Readings (Year B):
Reflection: Bread for all
Saint Augustine taught that the New Testament is hidden in the Old Testament and the Old is made manifest in the New. We see this in John, chapter 6. This Sunday’s first reading from the second book of Kings, like this Sunday’s gospel, describes a hungry crowd—someone bringing forth barley loaves and another objecting that the bread is too little for the large crowd. In both accounts, the people were able to eat their fill. There was a multiplication of the loaves and there was bread left over.
The Old Testament reading features Elisha as the prophet who performs the miracle. In the New Testament, it is Jesus.
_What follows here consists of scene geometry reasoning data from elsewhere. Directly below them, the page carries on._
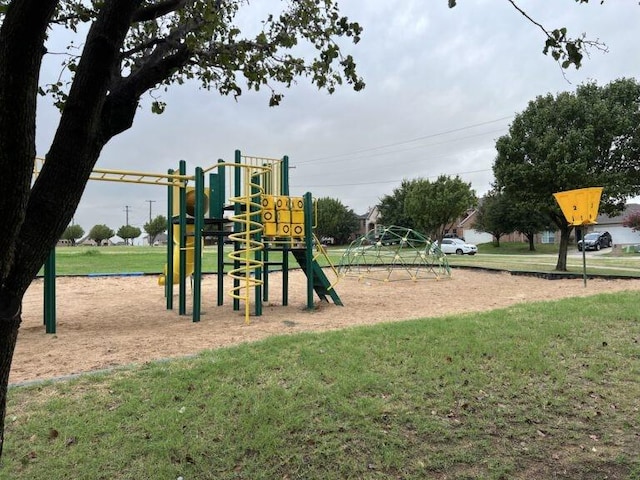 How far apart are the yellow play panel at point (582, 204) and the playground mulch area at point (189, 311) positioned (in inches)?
71.3

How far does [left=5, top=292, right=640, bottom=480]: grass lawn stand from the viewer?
3.20 meters

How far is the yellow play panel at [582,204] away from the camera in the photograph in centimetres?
1173

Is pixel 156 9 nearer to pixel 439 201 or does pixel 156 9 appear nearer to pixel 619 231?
pixel 439 201

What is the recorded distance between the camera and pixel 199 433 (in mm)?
3473

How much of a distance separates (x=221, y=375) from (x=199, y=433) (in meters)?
0.93

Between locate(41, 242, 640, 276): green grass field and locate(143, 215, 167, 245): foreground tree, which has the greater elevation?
locate(143, 215, 167, 245): foreground tree

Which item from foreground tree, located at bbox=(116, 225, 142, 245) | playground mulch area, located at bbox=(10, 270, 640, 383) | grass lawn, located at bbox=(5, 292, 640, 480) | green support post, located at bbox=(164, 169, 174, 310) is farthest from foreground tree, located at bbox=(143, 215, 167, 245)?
grass lawn, located at bbox=(5, 292, 640, 480)

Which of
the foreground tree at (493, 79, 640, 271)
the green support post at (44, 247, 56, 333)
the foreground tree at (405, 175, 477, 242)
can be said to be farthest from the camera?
the foreground tree at (405, 175, 477, 242)

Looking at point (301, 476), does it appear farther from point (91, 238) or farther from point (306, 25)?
point (91, 238)

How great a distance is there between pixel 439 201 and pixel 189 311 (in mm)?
33212

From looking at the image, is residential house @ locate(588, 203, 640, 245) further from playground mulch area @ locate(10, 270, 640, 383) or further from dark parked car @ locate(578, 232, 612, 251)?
playground mulch area @ locate(10, 270, 640, 383)

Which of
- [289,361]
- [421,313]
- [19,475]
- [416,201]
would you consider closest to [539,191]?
[421,313]

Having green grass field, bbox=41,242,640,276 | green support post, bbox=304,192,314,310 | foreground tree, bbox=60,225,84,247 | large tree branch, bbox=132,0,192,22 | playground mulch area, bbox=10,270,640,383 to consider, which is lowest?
playground mulch area, bbox=10,270,640,383

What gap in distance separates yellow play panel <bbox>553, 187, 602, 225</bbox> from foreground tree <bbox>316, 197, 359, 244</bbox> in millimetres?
55718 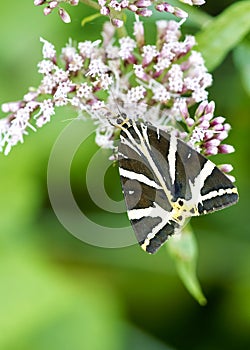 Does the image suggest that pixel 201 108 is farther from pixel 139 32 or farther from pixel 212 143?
pixel 139 32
There are several other miracles performed by Elisha that are also akin to the later miracles of Jesus. Elisha the prophet prefigures Jesus. The New Testament is hidden in the Old and the Old is made manifest in the New.
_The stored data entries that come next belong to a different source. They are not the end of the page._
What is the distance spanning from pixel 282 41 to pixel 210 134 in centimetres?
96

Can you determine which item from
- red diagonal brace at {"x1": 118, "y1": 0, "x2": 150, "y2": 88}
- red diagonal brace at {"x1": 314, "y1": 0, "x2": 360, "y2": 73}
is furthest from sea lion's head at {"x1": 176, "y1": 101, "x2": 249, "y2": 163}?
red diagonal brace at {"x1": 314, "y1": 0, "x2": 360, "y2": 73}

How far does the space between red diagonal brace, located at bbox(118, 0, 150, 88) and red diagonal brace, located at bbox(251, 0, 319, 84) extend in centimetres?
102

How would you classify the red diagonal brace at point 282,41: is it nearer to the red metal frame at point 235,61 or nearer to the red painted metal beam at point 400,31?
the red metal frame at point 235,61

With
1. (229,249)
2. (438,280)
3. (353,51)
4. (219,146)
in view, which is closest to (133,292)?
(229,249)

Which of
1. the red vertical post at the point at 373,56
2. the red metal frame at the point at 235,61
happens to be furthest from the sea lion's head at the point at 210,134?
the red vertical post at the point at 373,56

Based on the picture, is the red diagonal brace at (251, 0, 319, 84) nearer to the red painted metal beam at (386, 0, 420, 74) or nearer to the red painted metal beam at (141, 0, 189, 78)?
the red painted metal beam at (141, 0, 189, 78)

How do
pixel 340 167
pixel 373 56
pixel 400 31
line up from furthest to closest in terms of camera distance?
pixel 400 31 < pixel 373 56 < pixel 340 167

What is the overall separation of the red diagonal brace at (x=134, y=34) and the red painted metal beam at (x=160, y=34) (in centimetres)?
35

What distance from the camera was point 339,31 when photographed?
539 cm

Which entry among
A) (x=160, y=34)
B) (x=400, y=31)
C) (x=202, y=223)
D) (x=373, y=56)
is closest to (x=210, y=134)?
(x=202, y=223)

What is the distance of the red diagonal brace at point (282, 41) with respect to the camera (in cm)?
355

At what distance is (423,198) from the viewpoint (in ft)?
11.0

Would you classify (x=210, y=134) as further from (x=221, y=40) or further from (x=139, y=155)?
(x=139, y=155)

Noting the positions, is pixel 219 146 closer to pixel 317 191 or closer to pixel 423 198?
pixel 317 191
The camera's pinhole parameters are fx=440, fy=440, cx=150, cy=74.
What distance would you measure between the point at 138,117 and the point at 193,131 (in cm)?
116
The hungry crowds in both readings are fed. Their physical hunger is satisfied. But the New Testament account of the miracle is followed by the great discourse of Jesus that we will hear over the next four weeks, in which Jesus identifies himself as the Bread of Life. He is greater than Elisha the prophet and miracle-worker. In fact, as we continue reading chapter six of John’s gospel, Jesus reveals himself as greater even than Moses, the one through whom God fed the people with manna in the desert during the Exodus. Jesus will say words that Elisha and Moses would never dare to say: “I am the bread of life; whoever comes to me will never hunger, and whoever believes in me will never thirst” (John 6:35).
In the gospel miracle, scripture scholars have identified a Eucharistic meaning in the multiplication of the loaves and fish. In the four gospel accounts of this miracle, we find the same verbs used describing Jesus’ action at the miracle as are used in the account of his institution of the Eucharist at the Last Supper: “Then Jesus took the loaves, gave thanks, and distributed them” (John 6:11). The early Christians definitely recognized the connection between the multiplication of the loaves and the Eucharist. In second-century catacombs, we find artistic representations of the miracle of the multiplication of the loaves and fish to symbolize the Eucharist.
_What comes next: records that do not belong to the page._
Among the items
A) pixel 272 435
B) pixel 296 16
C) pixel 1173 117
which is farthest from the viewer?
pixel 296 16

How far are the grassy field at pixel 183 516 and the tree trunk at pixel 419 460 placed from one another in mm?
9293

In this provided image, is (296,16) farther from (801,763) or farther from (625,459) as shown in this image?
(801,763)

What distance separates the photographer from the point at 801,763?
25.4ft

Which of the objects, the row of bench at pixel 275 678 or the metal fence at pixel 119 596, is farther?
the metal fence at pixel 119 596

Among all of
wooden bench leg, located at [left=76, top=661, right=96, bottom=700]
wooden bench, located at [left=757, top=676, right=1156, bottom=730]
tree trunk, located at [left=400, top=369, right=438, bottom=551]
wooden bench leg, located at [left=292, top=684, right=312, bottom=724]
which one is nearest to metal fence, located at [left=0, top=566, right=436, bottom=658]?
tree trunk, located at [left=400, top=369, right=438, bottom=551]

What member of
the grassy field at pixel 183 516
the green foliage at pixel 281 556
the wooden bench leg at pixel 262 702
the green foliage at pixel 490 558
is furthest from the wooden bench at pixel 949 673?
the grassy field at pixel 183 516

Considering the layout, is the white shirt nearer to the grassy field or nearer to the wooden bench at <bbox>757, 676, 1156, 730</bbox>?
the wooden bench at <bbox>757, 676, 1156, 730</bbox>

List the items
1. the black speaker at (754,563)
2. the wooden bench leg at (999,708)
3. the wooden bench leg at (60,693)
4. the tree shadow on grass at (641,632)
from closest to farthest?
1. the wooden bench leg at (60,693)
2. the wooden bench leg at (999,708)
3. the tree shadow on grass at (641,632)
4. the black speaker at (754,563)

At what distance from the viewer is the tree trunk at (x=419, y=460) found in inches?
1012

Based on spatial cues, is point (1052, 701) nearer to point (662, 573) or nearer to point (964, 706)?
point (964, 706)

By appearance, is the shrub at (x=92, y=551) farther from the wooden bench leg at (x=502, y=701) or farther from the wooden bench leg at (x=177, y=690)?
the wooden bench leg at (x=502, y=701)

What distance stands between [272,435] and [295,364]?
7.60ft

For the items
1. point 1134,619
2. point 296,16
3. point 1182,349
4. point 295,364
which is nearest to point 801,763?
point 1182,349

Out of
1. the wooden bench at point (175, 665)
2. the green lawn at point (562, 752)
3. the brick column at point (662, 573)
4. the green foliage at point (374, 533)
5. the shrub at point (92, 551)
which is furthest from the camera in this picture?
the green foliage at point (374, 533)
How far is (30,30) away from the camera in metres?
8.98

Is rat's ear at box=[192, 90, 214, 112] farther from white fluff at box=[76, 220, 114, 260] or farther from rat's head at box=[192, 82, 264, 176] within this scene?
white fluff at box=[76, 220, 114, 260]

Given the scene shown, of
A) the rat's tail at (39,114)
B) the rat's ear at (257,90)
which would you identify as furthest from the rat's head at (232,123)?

Many people in the world today are hungry for material food. All of us hunger for truth, justice, love, peace, and beauty. In a word, we are hungry for God. Saint Augustine once exclaimed: “We must hunger for God!” Jesus, the Bread of Life, satisfies this hunger. His word satisfies our hunger for truth and illumines the path of life for us. His grace, the life-giving power we receive in the sacraments, especially in the Holy Eucharist, nourishes us on our earthly pilgrimage.
Every time we say the Our Father, we pray, “Give us this day our daily bread.” Jesus is our daily bread. He is the Bread of Life. May the Lord Jesus multiply his bread for us and for all who are hungry in the world today!